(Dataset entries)

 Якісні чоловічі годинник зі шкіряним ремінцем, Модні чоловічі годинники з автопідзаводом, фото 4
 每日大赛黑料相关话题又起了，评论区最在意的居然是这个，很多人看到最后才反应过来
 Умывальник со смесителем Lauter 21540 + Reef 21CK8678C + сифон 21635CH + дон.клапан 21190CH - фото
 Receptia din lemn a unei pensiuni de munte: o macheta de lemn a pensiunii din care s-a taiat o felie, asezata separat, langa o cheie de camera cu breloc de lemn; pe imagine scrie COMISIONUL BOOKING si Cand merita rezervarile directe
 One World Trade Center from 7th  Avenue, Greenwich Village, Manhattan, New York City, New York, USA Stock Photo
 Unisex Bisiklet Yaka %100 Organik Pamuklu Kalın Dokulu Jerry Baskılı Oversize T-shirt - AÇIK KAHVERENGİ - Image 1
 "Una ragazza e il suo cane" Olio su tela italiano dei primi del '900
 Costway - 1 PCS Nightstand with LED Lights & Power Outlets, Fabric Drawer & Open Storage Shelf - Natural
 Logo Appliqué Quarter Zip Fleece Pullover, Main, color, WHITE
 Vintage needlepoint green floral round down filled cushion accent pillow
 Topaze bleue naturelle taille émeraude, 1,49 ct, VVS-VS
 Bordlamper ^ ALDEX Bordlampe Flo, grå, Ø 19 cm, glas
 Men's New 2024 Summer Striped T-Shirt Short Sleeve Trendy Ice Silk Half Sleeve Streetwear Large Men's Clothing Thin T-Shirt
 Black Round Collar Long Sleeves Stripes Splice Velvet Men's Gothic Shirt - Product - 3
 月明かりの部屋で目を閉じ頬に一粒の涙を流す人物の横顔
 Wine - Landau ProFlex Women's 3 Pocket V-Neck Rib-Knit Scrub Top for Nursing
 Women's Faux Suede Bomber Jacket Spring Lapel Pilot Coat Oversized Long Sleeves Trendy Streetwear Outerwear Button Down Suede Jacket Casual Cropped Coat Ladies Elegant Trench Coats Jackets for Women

* _Task brief_
How many lines in the entries above include the string "Streetwear"? Answer with the number only.

* _Completed exercise_
2